Thursday, September 24, 2009

other countries

First things first: due to demand, I've created an email address for my biographers. If you'd like to contribute to their efforts, please send images, stories, and memories to apm.biography@gmail.com. Your work will not go unnoticed.

I was reading earlier in an article on the heritage industry by Robert Hewison: "Steam is now safely part of the industrial heritage, let nuclear power adopt the same camouflage." This is something that's been on my mind lately, not so much energy, but the ways in which commodifying history hides the present, so that going on tours of 18th century prisons hides the presence of incarceration in our present states; touring Victorian warships disguises the ways in which the British (or American) military is being deployed around the world; displays of dead states hide the real and present states. This isn't my feeling about history as a discipline, not at all, but I do feel that way about the different exhibits I've gone to here. And I am really blind to the present, I have no idea about prisons and the justices or injustices that are taking place in them.

And yet I wonder if that's a fair dichotomy to make, between commodified and uncommodified history. If there's a history article, journal, or book that I'm reading, it's because its publication was considered to be economically beneficial. This isn't to say that the writers are making a ton of money, because they are certainly not except in rare cases, or even that publishers are necessarily making a ton of money (I'm guessing, but not sure, that academic presses make less profits than popular presses). But, I would be shocked if anyone published what they thought wouldn't sell, and what would have no demand (hence, books go out of print). History, like everything else, has to be juicy and commodified, or it will never become public (unless the blogosphere erupts with historians). I'm not necessarily comfortable with thinking about everything in these terms, but I am becoming much more fascinated at the intersections between money, power, and knowledge, in all areas of knowledge (replace 'history' with 'science' in this last paragraph, and it would probably be able to stand up unrevised, for instance).
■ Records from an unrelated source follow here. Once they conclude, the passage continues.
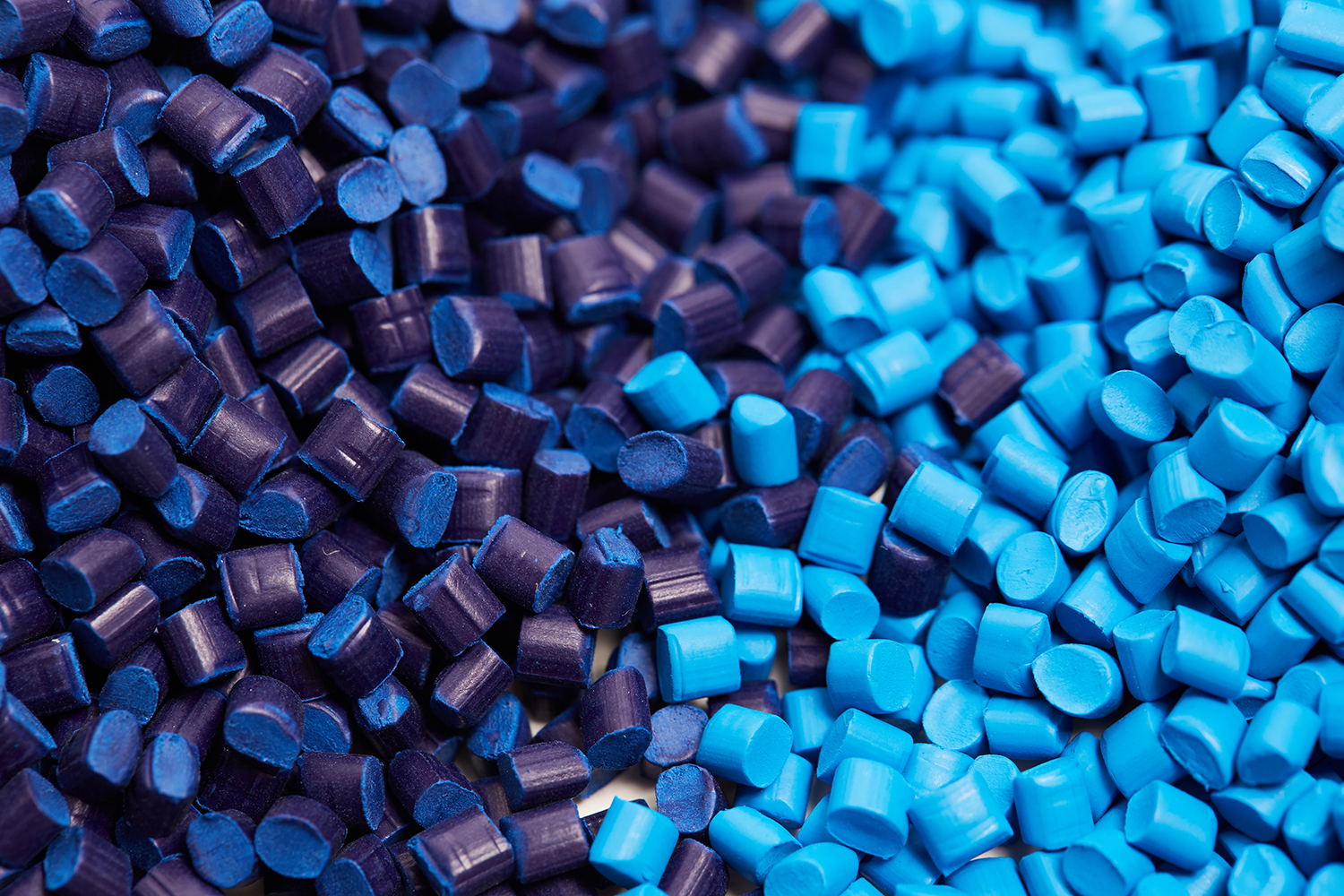 a closeup of dark and light blue plastic granules used in injection molding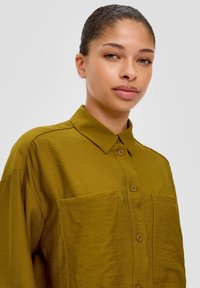 Olijfgroene shirt met knoopsluiting aan de voorkant, kraag en twee borstzakken. Textuurstof met een losse pasvorm en zichtbare stikseldetails.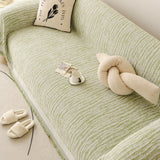 Forest Green Linen Knit sofa throw shown across the seat and backrest of a two-seater, view 3
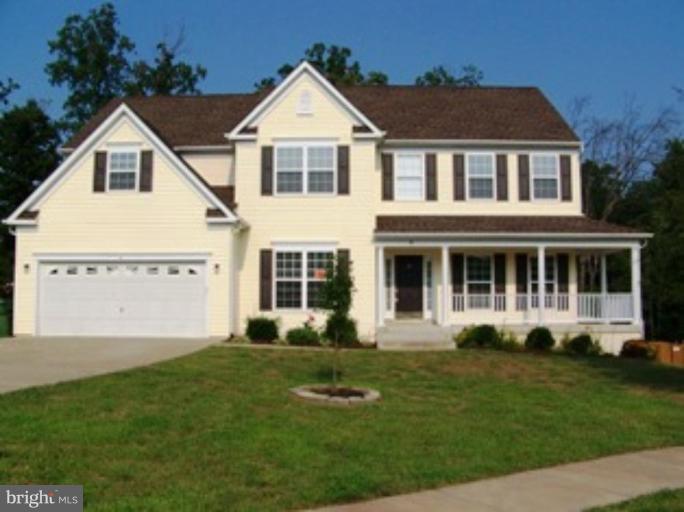 4 Gallery Road Stafford, VA 22554 - Photo 1 of 21 a front view of a house with a yard
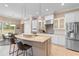 Modern kitchen featuring stainless steel appliances, a large island, and pendant lighting at 7253 Seville Dr., Myrtle Beach, SC 29572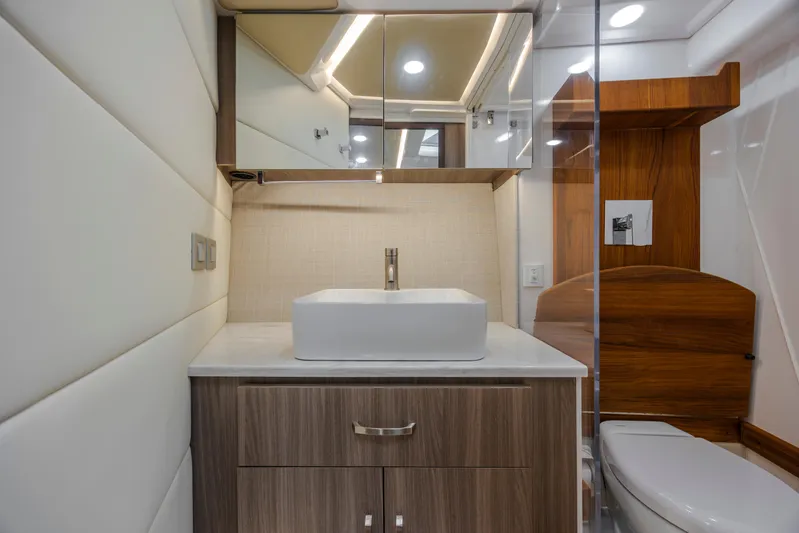  Yacht Photos Pics Luxurious bathroom interior of 2022 Regal 36 Grande Coupe yacht.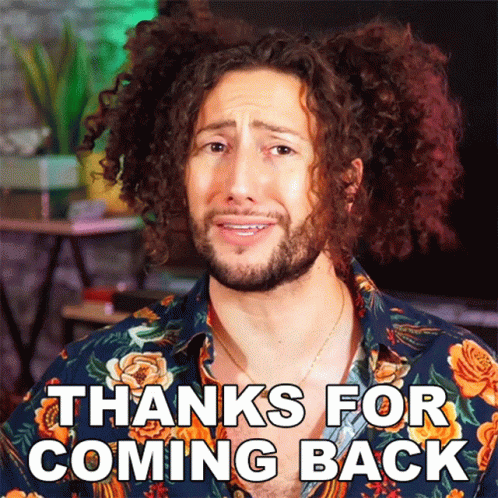 A Man With Curly Hair Is Wearing A Floral Shirt That Says Thanks For Coming Back GIF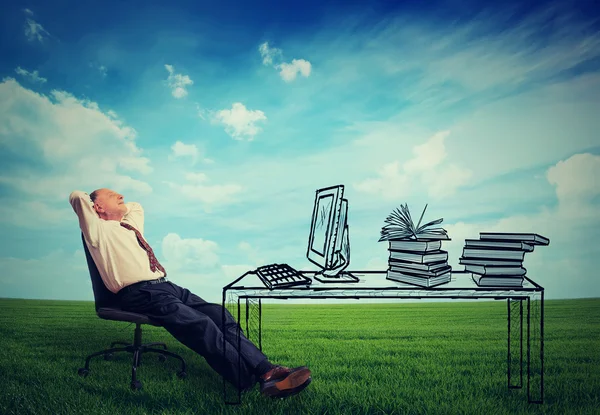 Hombre de negocios mayor relajarse en su escritorio en el medio de prado verde — Foto de Stock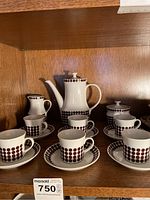 Full view of the vintage Thum espresso set including coffee carafe, creamer, sugar bowl, 6 espresso cups, and saucers arranged on wooden shelf.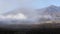 Clouds Rolling Across Plains Near Volcano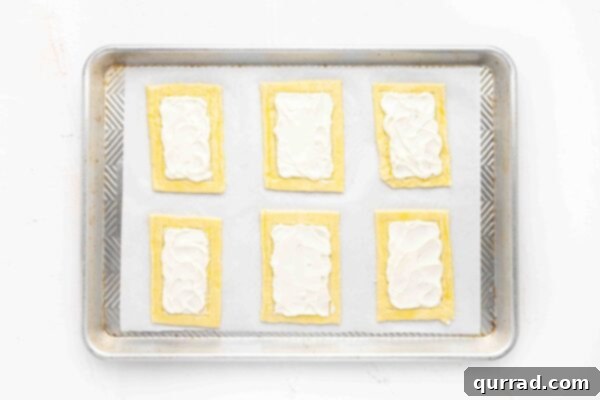 Springtime Asparagus Gems 7 Overhead view of 6 unbaked puff pastry rectangles on parchment paper with creamy ricotta spread in the center.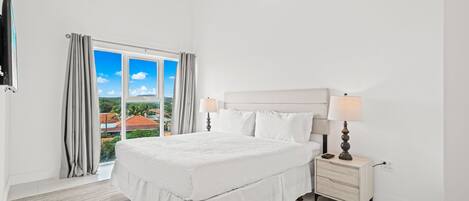 A bedroom with a large bed, a nightstand with a lamp, and a view of the outdoors through a sliding door.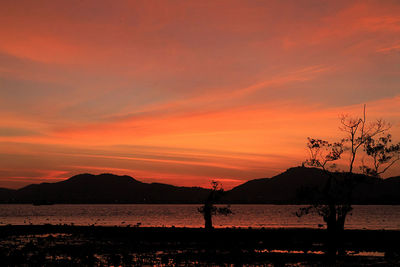 Scenic view of lake against orange sky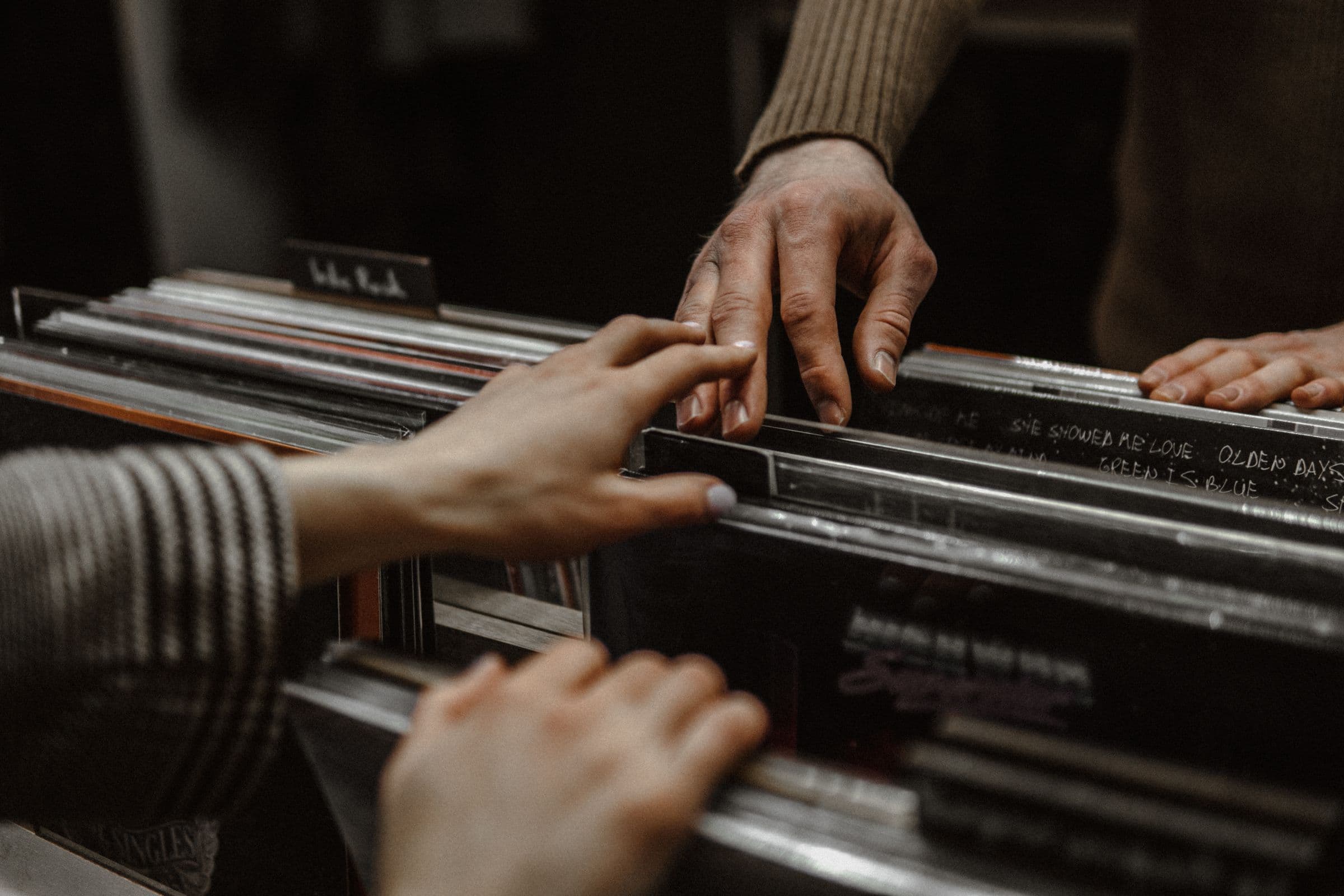Two people flipping through vinyl records in a record store crate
Maybe for that reason, I'm becoming really interested in the publishing industry throughout its existence. even before the publishing industry, what has been considered to be worthy of replication and dissemination.

2 comments:

Brent said...

why do you always have to go and make everything so...just so...relevant

Tim said...

I'm gonna subvert your biography and begin all of my entries with, "Once upon a time, Alex had a friend named Tim who..." People are gonna learn some craaaaazy shit!!!